Como era a posição de Smith diante da
escravidão?
Além de produzir uma crítica moral da
escravidão como forma de tirania, mostrou que a escravidão era antieconômica.
Seus argumentos foram muito influentes no século XIX. Smith se opunha
veementemente a todo o sistema colonialista e imperialista da Grã-Bretanha de
sua época. “A riqueza das nações” trata disso.
Sua obra se aproxima mais de um capitalismo
humanitário do que do neoliberalismo selvagem?
Smith defende o mercado na medida em que
serve para melhorar a situação do pobre, não do rico. Os heróis de seu livro
não são diretores de grandes empresas — ele não acredita que as corporações
sejam uma boa maneira de organizar as atividades econômicas. Por isso, acredito
que oferece ferramentas para interpretar e criticar as formas sociais sob as
quais vivemos hoje.
Hoje empresários falam sobre saúde mental.

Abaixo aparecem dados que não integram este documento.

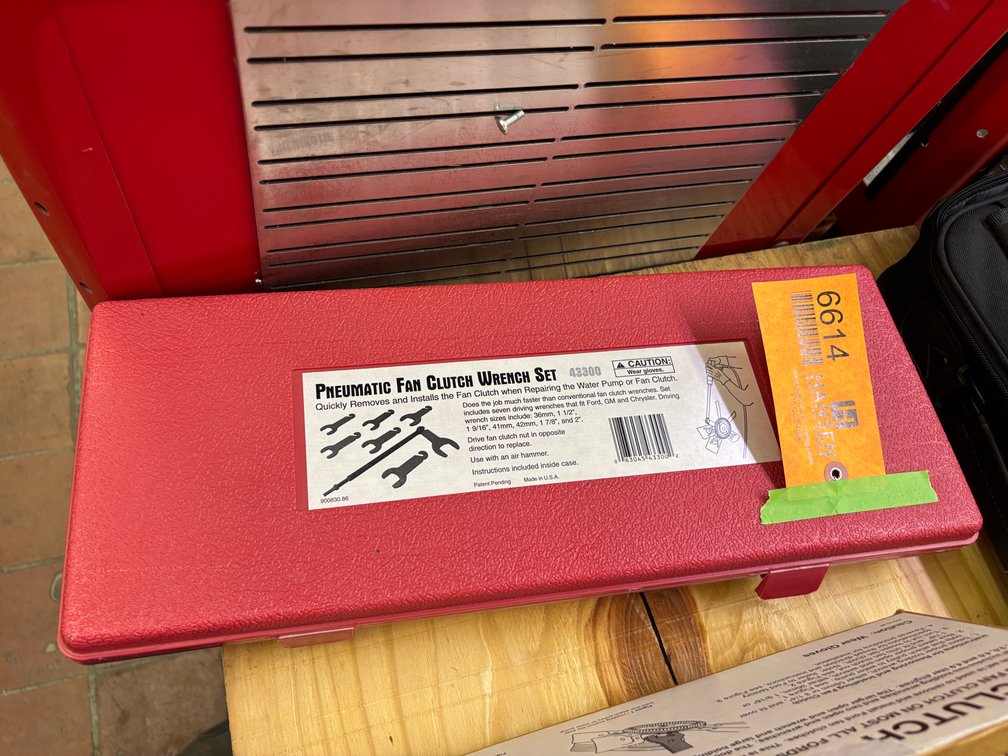 Pneumatic Fan Clutch Wrench Set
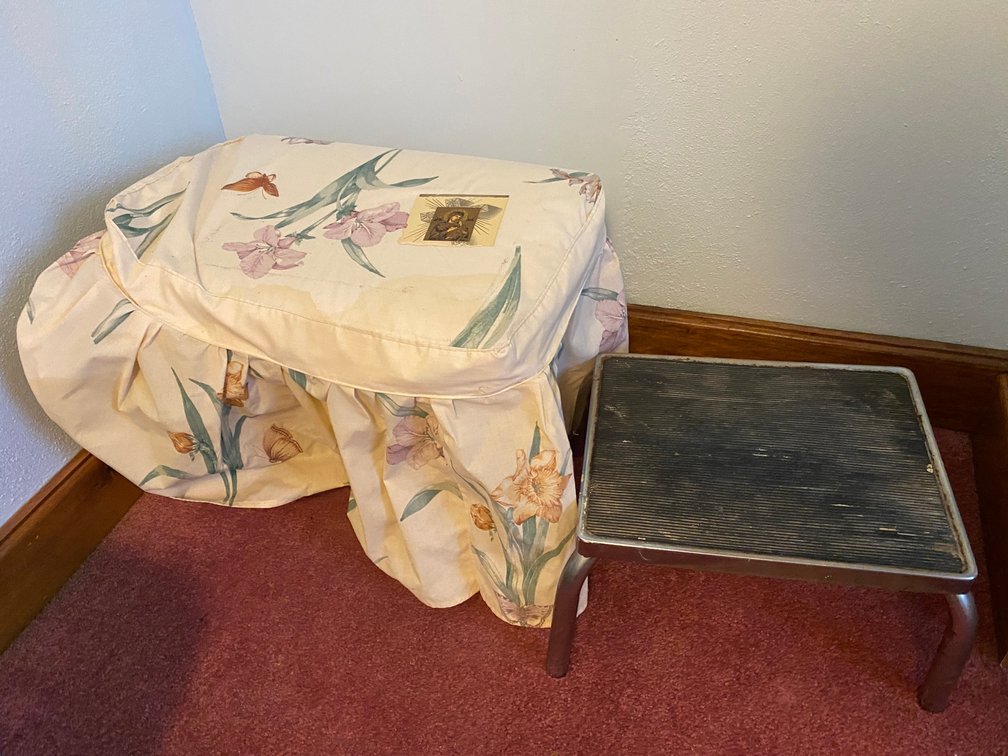 2 Stools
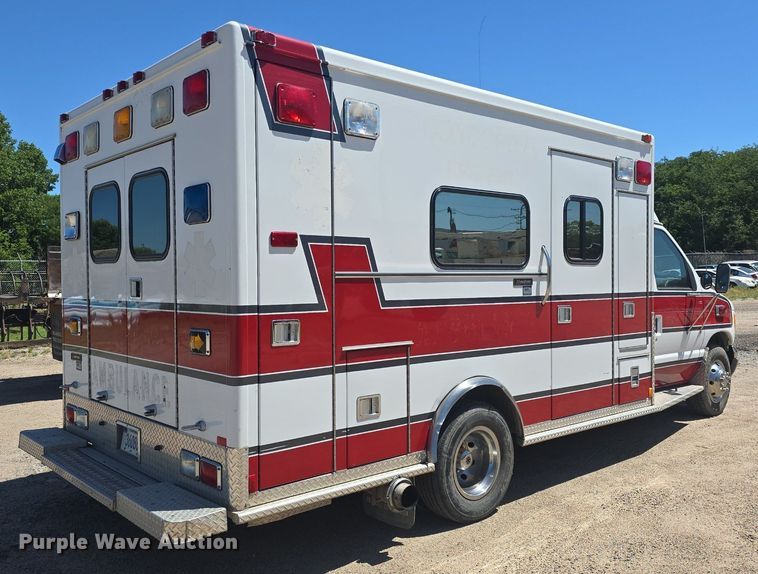image for item DQ4391 1998 Ford E450 ambulance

Smith escreveu sobre isso?
Logo no começo de “A riqueza das nações”,
ele nos mostra que a divisão do trabalho é o que permite o aumento da
produtividade, um fator necessário para aumentar o padrão de vida das pessoas
comuns. Ele nos dá o exemplo de uma fábrica de alfinetes em que cada
trabalhador passa o tempo realizando uma única tarefa simples — por exemplo,
afiando alfinetes — e mostra como isso aumenta a produtividade, gerando assim
uma queda dos preços e um consequente acesso generalizado ao produto. Porém, no
quinto capítulo, ele retoma esse raciocínio e se questiona sobre o que acontece
com uma pessoa que passa os dias realizando uma mesma tarefa simples e
repetitiva. E ele reconhece que existe um impacto negativo em sua capacidade
intelectual, suas emoções, seu espírito. Ele então se pergunta sobre o que
podemos fazer em relação a isso e argumenta a favor de um sistema público de
educação, para garantir que os trabalhadores saibam ler e escrever e tenham
acesso a modos de fazer amigos e colegas. Junto com a indústria do
entretenimento, essas medidas permitiriam que os trabalhadores desenvolvessem
uma vida proveitosa à parte de seus trabalhos.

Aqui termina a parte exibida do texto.